His opponents are as guilty as he is, and no other
person will incur the expense of a petition for the
sake of a public benefit. Fifteen days after the
meeting of Parliament (this being the limit for the
presentation of a petition), a handsome reward is
distributed to each of the worthy and independent
electors.’
In the early autumn Lord John quitted
England, with the intention of passing the winter
in Italy. The Duke of Bedford felt that his son
had struck the nail on the head with his pithy and
outspoken letter to Lord Althorp on political bribery,
and he was not alone in thinking that Lord John ought
not to throw away such an advantage by a prolonged
absence on the Continent.
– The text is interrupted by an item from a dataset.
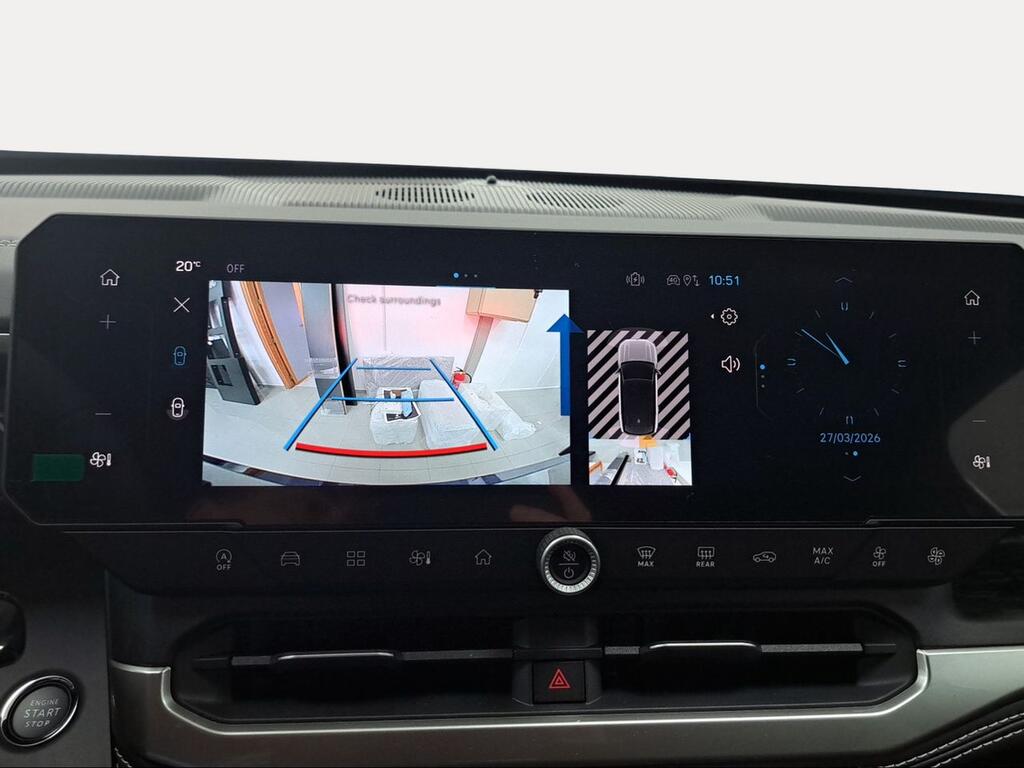 Jeep Compass eHybrid Jeep Compass MHEV Altitude - Foto 750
Lord William accordingly
wrote to his brother to urge a speedy return, and
the letter is worth quoting, since incidentally it
throws light on another aspect of Lord John’s
character: ’If you feel any ambition which
you have not; if you give up the charms of Genoa which
you cannot; if you could renounce the dinners and
tea-tables and gossips of Rome which you
cannot; if you would cease to care about attending
balls and assemblies, and dangling after ladies which
you cannot, there is a noble field of ambition and
utility opened to a statesman. It is Ireland,
suffering, ill-used Ireland! The gratitude of
millions, the applause of the world, would attend the
man who would rescue the poor country. The place
is open, and must soon be filled up. Ireland
cannot remain as she is. The Ministers feel it,
and would gladly listen to any man who would point
out the way to relieve her. Undertake the task;
it is one of great difficulty, but let that be your
encouragement. See the Pope’s minister;
have his opinion on the Catholic question; go to Ireland;
find out the causes of her suffering; make yourself
master of the subject. Set to work, as you did
about Reform, by curing small evils at first....
I am pointing to the way for you to make your name
immortal, by doing good to millions and to your country.
But you will yawn over this, and go to some good dinner
to be agreeable, the height of ambition with the present
generation.’
Meanwhile, through the influence of
the Duke of Devonshire, Lord John was elected in November
for the Irish borough of Bandon Bridge, and in February,
fresh from prologue-writing for the private theatricals
which Lord Normanby was giving that winter in Florence,
he took his seat in the House of Commons. Lord
Liverpool was struck down with paralysis on February
18, and it quickly became apparent that his case was
hopeless. After a few weeks of suspense, which
were filled with Cabinet intrigues, Mr. Canning received
the King’s commands to reconstruct the Ministry;
but this was more easily said than done. ’Lord
Liverpool’s disappearance from the political
scene,’ says Lord Russell, ’gave rise to
a great debacle. The fragments of the
old system rushed against each other, and for a time
all was confusion.’ Six of Canning’s
colleagues flatly refused to serve under him in the
new Cabinet Peel, Wellington, Eldon, Westmoreland,
Bathurst, and Bexley though the latter afterwards
took advantage of his second thoughts and returned
to the fold. Although an opponent of Parliamentary
reform and of the removal of Nonconformist disabilities,
Canning gave his support to Catholic emancipation,
to the demand for free trade, and the abolition of
slavery. Canning’s accession to power threw
the Tory ranks into confusion. ‘The Tory
party,’ states Lord Russell, ’which had
survived the follies and disasters of the American
war, which had borne the defeats and achieved the final
glories of the French war, was broken by its separation
from Mr. Canning into fragments, which could not easily
be reunited.’
Sydney Smith who, by the
way, had no love for Canning, and failed to a quite
noteworthy extent to understand him like
the rest, took a gloomy view of the situation, which
he summed up in his own inimitable fashion. ’Politics,
domestic and foreign, are very discouraging; Jesuits
abroad, Turks in Greece, “No Poperists”
in England! A panting to burn B; B fuming to
roast C; C miserable that he can’t reduce D to
ashes; and D consigning to eternal perdition the first
three letters of the alphabet.’ Canning’s
tenure of power was brief and uneasy. His opponents
were many, his difficulties were great, and, to add
to all, his health was failing. ‘My position,’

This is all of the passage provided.